Wednesday, July 9, 2014

Developing Good Replication Practices

In my last post, I described a (mostly) successful replication by Steegen et al. of the ”crowd-within effect.” The authors of that replication effort felt that it would be nice to mention all the good replication research practices that they had implemented in their replication effort.

And indeed, positive psychologist that I am, I would be remiss if I didn’t extol the virtues of the approach in that exemplary replication paper, so here goes.

Make sure you have sufficient power.
We all know this, right?

Preregister your hypotheses, analyses, and code.
I like how the replication authors went all out in preregistering their study. It is certainly important to have the proposed analyses and code worked out up front.

Make a clear distinction between confirmatory and exploratory analyses.
The authors did here exactly as the doctor, A.D. de Groot in this case, ordered. It is very useful to perform exploratory analyses but they should be separated clearly from the confirmatory ones.

Report effect sizes.
Yes.

Use both estimation and testing, so your data can be evaluated more broadly, by people from different statistical persuasions.

Use both frequentist and Bayesian analyses.
Yes, why risk being pulled over by a Bayes trooper or having a run-in with the Frequentist militia? Again, using multiple analyses allows your results to be evaluated more broadly.

Adopt a co-pilot multi-software approach.
A mistake in data analysis is easily made and so it makes sense to have two or more researchers analyse the data from scratch. A co-author and I used a co-pilot approach as well in a recent paper (without knowing the cool name for this approach, otherwise we would have bragged about it in the article). We discovered that there were tiny discrepancies between our analyses with each of us making a small error here and there. The discrepancies were easily resolved but the errors probably would have gone undetected had we not used the co-pilot approach. Using a multi-software approach seems a good additional way to minimize the likelihood of errors.

Make the raw and processed data available.
When you ask people to share their data, they typically send you the processed data but the raw data are often more useful. The combination is even more useful as it allows other researchers to retrace the steps from raw to processed data. 

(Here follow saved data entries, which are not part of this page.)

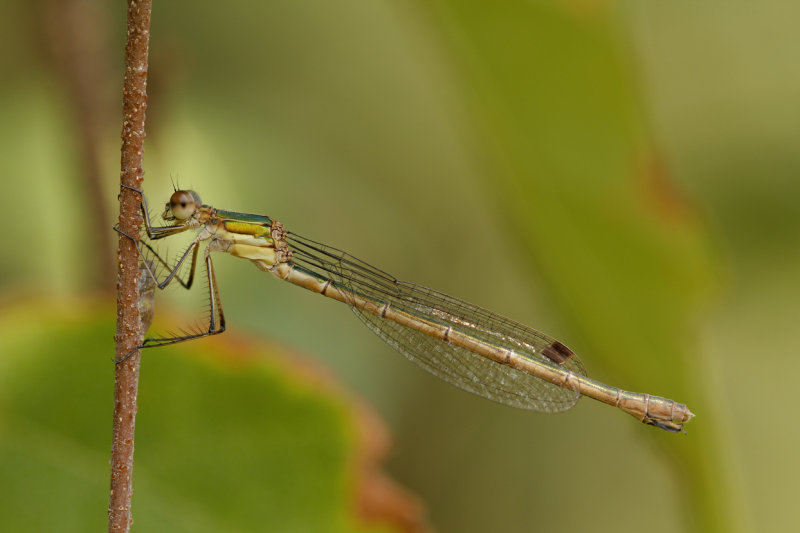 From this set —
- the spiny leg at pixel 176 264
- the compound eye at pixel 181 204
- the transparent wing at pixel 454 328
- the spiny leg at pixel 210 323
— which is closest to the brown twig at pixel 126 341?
the spiny leg at pixel 210 323

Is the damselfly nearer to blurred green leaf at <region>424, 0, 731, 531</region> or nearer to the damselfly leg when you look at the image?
the damselfly leg

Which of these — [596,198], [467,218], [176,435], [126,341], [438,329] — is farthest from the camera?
[467,218]

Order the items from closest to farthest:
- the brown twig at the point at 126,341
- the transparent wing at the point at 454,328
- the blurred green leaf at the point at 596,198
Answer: the brown twig at the point at 126,341 < the blurred green leaf at the point at 596,198 < the transparent wing at the point at 454,328

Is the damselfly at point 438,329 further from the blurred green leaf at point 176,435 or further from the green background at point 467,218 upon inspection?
the blurred green leaf at point 176,435

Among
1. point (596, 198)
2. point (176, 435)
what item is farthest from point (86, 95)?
point (596, 198)

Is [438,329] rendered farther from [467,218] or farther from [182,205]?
[467,218]

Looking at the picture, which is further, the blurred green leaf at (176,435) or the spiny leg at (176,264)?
the spiny leg at (176,264) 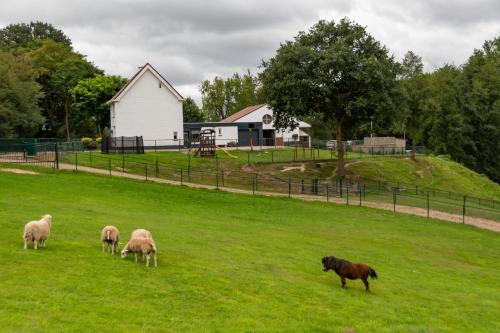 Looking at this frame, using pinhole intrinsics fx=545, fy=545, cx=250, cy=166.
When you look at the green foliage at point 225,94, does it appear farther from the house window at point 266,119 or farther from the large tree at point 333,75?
the large tree at point 333,75

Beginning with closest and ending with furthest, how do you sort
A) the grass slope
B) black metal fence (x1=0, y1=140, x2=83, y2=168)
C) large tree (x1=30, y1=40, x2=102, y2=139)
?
black metal fence (x1=0, y1=140, x2=83, y2=168)
the grass slope
large tree (x1=30, y1=40, x2=102, y2=139)

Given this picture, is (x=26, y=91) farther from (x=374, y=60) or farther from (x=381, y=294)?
(x=381, y=294)

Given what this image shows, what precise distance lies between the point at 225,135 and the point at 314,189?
123 ft

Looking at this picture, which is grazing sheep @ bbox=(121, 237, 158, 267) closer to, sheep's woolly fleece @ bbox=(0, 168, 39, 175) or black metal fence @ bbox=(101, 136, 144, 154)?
sheep's woolly fleece @ bbox=(0, 168, 39, 175)

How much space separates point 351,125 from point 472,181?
20.9 m

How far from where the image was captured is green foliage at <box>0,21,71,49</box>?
109894 mm

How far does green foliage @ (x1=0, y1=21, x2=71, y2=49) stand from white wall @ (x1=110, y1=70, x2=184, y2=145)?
5139 cm

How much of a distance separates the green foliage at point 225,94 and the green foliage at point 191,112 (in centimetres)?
548

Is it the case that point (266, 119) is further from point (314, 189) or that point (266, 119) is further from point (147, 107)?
point (314, 189)

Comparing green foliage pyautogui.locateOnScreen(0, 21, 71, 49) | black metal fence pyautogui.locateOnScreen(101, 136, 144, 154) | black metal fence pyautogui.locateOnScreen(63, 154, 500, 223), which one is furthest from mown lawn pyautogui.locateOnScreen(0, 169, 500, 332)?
green foliage pyautogui.locateOnScreen(0, 21, 71, 49)

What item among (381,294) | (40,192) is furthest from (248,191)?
(381,294)

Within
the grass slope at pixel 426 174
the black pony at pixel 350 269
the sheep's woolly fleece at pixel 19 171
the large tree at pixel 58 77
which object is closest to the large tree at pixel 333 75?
the grass slope at pixel 426 174

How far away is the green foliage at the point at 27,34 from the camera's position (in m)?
110

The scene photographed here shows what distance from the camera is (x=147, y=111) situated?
2606 inches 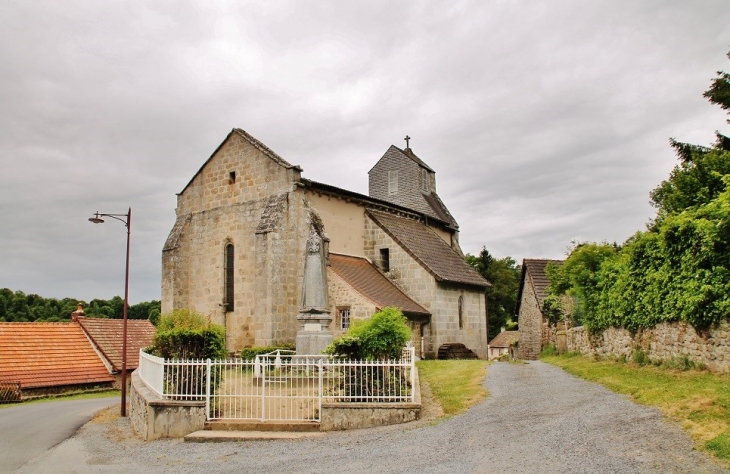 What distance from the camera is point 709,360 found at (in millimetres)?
12414

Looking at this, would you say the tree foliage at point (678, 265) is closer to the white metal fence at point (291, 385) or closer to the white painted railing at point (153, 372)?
the white metal fence at point (291, 385)

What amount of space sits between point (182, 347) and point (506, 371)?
9.62 metres

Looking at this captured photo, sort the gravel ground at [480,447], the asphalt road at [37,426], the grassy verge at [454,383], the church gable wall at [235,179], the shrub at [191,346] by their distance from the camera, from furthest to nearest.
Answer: the church gable wall at [235,179]
the shrub at [191,346]
the grassy verge at [454,383]
the asphalt road at [37,426]
the gravel ground at [480,447]

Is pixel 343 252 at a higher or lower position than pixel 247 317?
higher

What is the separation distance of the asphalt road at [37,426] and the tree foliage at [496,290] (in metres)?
41.5

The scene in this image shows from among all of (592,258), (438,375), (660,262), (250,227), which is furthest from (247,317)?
(660,262)

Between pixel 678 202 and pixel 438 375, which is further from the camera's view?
pixel 678 202

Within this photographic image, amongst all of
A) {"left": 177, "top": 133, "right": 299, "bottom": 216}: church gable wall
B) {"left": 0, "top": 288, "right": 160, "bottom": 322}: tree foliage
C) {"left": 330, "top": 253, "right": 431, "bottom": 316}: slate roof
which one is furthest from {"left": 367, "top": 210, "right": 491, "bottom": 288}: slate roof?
{"left": 0, "top": 288, "right": 160, "bottom": 322}: tree foliage

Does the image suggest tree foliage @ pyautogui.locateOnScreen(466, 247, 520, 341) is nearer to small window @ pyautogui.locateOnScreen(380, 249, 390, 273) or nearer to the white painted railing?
small window @ pyautogui.locateOnScreen(380, 249, 390, 273)

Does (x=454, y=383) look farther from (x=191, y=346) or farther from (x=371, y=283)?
(x=371, y=283)

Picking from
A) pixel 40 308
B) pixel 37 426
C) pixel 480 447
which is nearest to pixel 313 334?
pixel 37 426

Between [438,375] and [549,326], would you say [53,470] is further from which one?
[549,326]

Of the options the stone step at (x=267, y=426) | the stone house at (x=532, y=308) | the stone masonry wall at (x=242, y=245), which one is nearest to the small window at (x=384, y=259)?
the stone masonry wall at (x=242, y=245)

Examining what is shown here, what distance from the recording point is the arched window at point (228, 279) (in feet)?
86.6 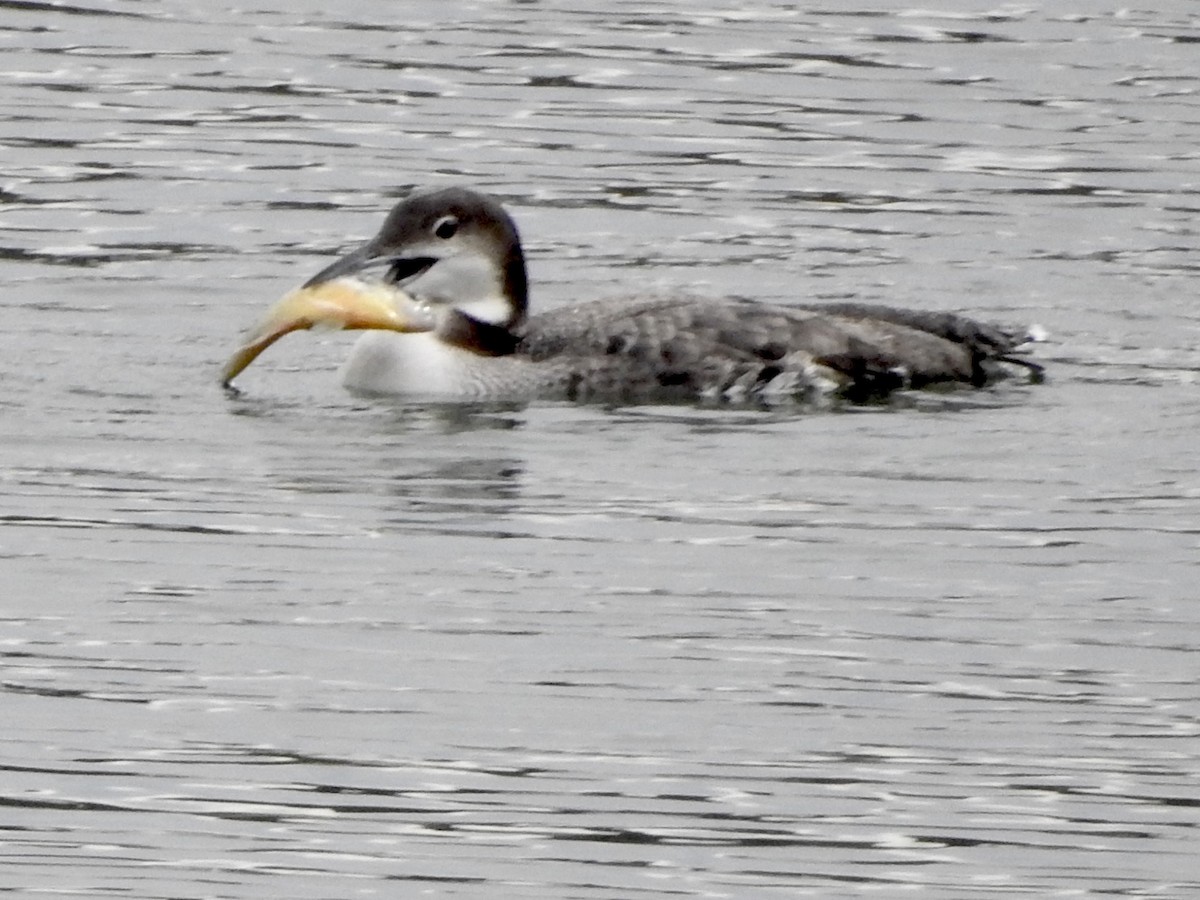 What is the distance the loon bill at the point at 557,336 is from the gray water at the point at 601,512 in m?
0.24

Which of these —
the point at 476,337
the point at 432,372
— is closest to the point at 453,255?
the point at 476,337

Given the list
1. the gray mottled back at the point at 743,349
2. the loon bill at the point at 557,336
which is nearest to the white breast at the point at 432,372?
the loon bill at the point at 557,336

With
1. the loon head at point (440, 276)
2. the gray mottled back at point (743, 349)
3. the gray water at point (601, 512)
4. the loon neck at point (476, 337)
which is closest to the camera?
the gray water at point (601, 512)

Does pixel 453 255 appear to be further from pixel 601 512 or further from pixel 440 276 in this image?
pixel 601 512

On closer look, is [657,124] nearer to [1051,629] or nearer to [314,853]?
[1051,629]

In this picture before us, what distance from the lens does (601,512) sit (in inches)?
416

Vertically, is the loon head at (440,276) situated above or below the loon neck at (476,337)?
above

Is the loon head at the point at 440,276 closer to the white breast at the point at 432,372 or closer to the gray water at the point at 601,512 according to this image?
the white breast at the point at 432,372

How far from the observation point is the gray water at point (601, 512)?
298 inches

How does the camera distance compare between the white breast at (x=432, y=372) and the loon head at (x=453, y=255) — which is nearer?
the white breast at (x=432, y=372)

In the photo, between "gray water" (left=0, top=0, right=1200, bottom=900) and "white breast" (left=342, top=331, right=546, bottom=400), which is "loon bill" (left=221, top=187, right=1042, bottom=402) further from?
"gray water" (left=0, top=0, right=1200, bottom=900)

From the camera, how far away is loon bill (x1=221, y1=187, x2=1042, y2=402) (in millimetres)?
12664

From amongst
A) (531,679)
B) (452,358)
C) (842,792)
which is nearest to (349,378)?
(452,358)

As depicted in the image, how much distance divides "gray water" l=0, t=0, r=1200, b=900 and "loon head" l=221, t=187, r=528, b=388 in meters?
0.44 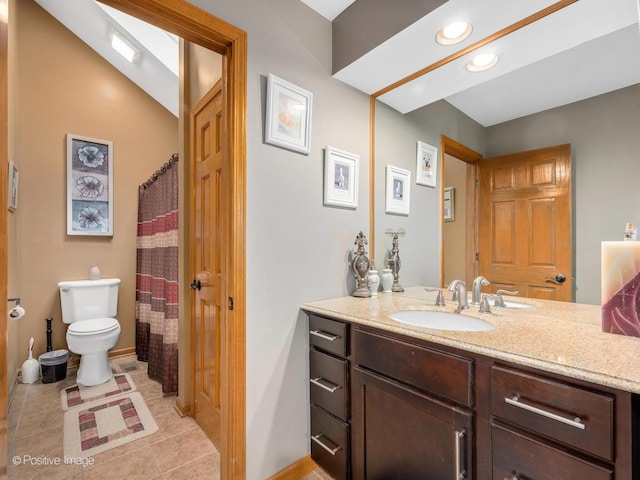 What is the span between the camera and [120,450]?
174 centimetres

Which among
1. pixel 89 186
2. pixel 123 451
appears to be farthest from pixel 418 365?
pixel 89 186

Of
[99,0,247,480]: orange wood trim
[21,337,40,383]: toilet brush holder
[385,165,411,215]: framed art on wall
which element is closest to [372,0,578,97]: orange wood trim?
[385,165,411,215]: framed art on wall

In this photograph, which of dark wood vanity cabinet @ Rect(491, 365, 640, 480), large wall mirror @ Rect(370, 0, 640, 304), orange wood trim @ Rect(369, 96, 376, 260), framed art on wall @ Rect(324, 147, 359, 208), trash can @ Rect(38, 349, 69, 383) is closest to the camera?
dark wood vanity cabinet @ Rect(491, 365, 640, 480)

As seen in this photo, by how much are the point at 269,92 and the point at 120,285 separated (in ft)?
9.20

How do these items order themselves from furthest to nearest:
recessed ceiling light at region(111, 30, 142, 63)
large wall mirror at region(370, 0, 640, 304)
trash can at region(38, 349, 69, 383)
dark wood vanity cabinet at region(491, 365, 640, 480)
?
recessed ceiling light at region(111, 30, 142, 63) → trash can at region(38, 349, 69, 383) → large wall mirror at region(370, 0, 640, 304) → dark wood vanity cabinet at region(491, 365, 640, 480)

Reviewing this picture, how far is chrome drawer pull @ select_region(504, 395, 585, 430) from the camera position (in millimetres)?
760

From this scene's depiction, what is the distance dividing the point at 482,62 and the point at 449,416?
1.63 meters

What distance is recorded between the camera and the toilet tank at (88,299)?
2740 millimetres

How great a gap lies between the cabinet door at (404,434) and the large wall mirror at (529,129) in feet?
2.42

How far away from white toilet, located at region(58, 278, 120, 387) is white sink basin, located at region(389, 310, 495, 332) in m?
2.49

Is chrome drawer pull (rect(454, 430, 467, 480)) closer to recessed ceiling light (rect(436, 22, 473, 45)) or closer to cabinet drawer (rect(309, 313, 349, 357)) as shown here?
cabinet drawer (rect(309, 313, 349, 357))

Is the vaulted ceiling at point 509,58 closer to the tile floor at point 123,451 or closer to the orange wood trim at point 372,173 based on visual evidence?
the orange wood trim at point 372,173

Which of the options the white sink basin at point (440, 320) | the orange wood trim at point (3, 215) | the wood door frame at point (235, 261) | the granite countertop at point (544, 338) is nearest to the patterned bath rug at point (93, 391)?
the wood door frame at point (235, 261)

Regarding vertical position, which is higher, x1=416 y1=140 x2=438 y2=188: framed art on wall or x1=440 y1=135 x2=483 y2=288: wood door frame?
x1=416 y1=140 x2=438 y2=188: framed art on wall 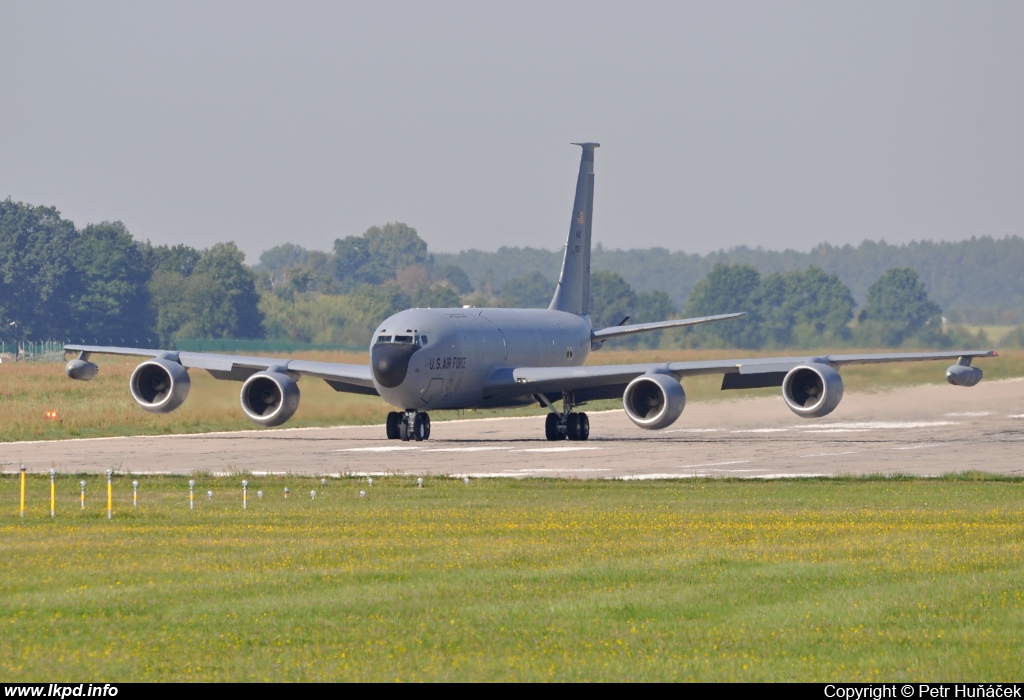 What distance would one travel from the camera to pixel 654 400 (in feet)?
150

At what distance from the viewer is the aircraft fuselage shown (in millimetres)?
44781

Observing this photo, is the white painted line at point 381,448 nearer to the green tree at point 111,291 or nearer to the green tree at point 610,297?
the green tree at point 111,291

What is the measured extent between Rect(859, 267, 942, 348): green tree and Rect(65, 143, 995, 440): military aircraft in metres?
30.6

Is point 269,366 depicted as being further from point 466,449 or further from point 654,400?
point 654,400

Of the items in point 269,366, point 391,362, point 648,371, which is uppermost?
point 391,362

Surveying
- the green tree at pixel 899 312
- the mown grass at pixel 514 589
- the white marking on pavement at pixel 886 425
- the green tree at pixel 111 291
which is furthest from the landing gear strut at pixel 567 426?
the green tree at pixel 111 291

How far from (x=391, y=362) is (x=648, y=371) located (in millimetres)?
7158

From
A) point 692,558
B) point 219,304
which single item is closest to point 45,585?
point 692,558

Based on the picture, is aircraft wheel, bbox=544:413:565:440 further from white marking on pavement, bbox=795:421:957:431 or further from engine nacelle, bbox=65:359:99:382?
engine nacelle, bbox=65:359:99:382

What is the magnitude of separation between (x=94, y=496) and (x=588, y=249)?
1289 inches

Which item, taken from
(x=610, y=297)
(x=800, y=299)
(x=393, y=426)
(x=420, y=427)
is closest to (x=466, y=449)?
(x=420, y=427)

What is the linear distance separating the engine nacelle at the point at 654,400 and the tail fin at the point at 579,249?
12986 millimetres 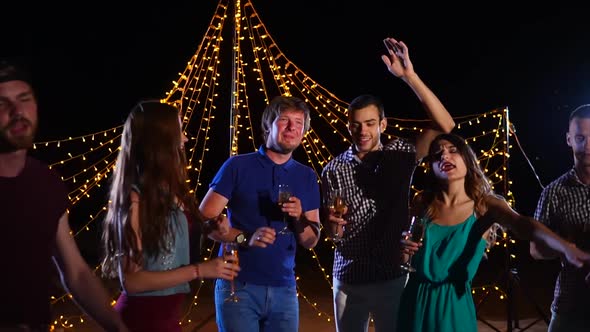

Use multiple ways to assess replication success.
This is a good idea in the current climate where the field has not settled on a single method yet. Again, it allows the results to be evaluated more broadly than with a single-method approach.

Maybe these methodological strengths are worth mentioning too?, the first author of the replication study, Sara Steegen, suggested in an email.

Check.


I thank Sara Steegen for feedback on a previous version of this post.

Thursday, July 3, 2014

Is There Really a Crowd Within?

In 1907 Francis Galton (two years prior to becoming “Sir”) published a paper in Nature titled “Vox populi” (voice of the people). With the rise of democracy in the (Western) world, he wondered how much trust people could put in public judgments. How wise is the crowd, in other words?

As luck would have it, a weight-judging competition was carried on at the annual show of the West of England Fat Stock and Poultry Exhibition (sounds like a great name for a band) in Plymouth. Visitors had to estimate the weight of a prize-winning ox when slaughtered and “dressed” (meaning that its internal organs would be removed).

Galton collected all 800 estimates. He removed thirteen (and nicely explains why) and then analyzed the remaining 787 ones. He computed the median estimate and found that it was less than 1% from the ox’s actual weight. Galton concludes: This result is, I think, more creditable to the trust-worthiness of a democratic judgment than might have been expected. 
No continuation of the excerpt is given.